> [To do] Select and reproduce each line of the listing below that bears the string "Green".
---+---
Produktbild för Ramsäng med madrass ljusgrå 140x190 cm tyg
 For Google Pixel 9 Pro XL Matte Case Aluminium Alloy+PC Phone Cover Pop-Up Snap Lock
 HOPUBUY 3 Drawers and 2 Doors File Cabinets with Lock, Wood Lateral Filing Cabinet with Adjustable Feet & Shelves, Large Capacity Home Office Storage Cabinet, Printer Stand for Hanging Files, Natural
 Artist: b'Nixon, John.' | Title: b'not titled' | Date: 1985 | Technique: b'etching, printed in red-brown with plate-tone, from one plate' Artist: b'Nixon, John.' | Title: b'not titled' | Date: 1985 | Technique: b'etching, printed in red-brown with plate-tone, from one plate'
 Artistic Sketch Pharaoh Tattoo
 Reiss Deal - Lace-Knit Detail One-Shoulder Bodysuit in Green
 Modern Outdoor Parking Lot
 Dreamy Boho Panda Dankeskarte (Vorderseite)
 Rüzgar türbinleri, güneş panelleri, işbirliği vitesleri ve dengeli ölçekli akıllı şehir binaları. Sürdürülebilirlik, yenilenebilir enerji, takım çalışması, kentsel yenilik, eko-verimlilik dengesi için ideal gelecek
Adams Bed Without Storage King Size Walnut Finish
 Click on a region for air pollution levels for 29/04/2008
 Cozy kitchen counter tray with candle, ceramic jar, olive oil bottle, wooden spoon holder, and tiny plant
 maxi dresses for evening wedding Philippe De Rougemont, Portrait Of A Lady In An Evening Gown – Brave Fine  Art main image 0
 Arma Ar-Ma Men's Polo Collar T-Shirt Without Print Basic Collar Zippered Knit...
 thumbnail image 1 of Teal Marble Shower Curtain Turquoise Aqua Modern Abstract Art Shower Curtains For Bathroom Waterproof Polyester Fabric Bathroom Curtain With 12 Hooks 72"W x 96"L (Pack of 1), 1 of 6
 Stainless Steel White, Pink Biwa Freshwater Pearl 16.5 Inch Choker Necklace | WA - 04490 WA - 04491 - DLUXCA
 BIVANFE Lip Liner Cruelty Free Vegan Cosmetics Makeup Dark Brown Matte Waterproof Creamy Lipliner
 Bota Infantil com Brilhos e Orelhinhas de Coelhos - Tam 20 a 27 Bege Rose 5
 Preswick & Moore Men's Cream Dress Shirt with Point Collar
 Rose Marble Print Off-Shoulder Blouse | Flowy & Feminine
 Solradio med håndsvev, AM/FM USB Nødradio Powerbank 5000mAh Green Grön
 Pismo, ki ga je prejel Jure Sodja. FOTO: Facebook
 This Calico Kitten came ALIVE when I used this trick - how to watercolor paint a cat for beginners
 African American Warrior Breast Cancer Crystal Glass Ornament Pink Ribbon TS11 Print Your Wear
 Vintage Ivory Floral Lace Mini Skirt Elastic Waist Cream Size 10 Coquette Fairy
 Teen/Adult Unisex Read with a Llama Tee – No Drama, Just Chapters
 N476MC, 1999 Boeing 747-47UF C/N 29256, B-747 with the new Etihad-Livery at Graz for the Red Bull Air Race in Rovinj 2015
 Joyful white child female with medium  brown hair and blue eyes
---+---
> [Response to the exercise]
 Reiss Deal - Lace-Knit Detail One-Shoulder Bodysuit in Green
 Solradio med håndsvev, AM/FM USB Nødradio Powerbank 5000mAh Green Grön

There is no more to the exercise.